> _Stored data_
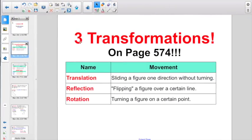To refresh your memory, we did learn this in the previous investigation. There are three transformations. They are listed on page 574. You're definitely going to want to have your book out for the Socrative quiz.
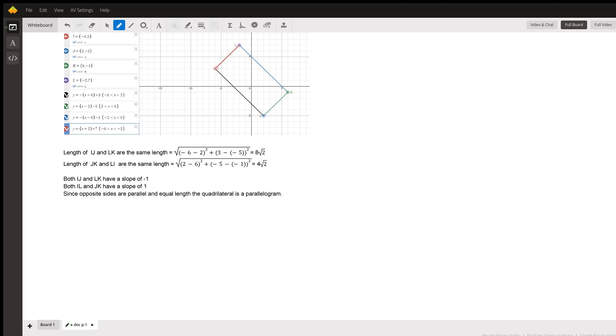and thus this very special parallelogram is a rectangle, because the interior angles at I, L, K, and J are all equal to 90 degrees. Thank you.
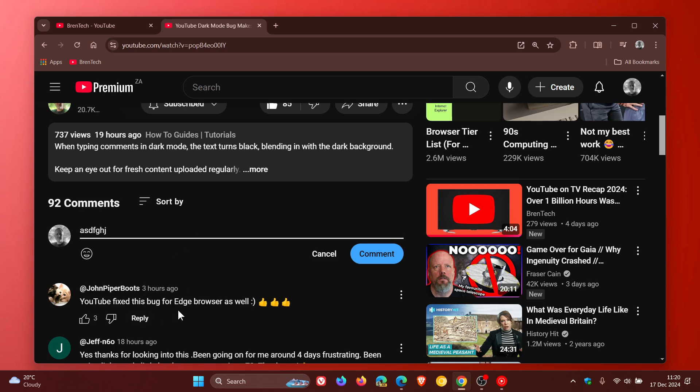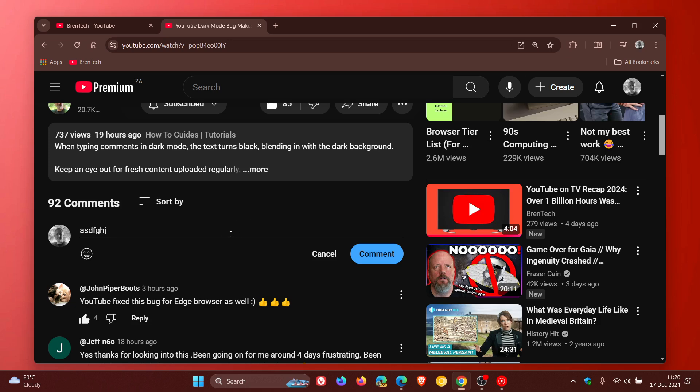And you can even see below comments such as YouTube fixed this bug for Edge Browser as well. I'll give that a like so you get the idea this bug seems to have been fixed.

> _Problem to solve_
From the material above, reproduce everything verbatim except the pictures.

> _Response_
To refresh your memory, we did learn this in the previous investigation. There are three transformations. They are listed on page 574. You're definitely going to want to have your book out for the Socrative quiz.
and thus this very special parallelogram is a rectangle, because the interior angles at I, L, K, and J are all equal to 90 degrees. Thank you.
And you can even see below comments such as YouTube fixed this bug for Edge Browser as well. I'll give that a like so you get the idea this bug seems to have been fixed.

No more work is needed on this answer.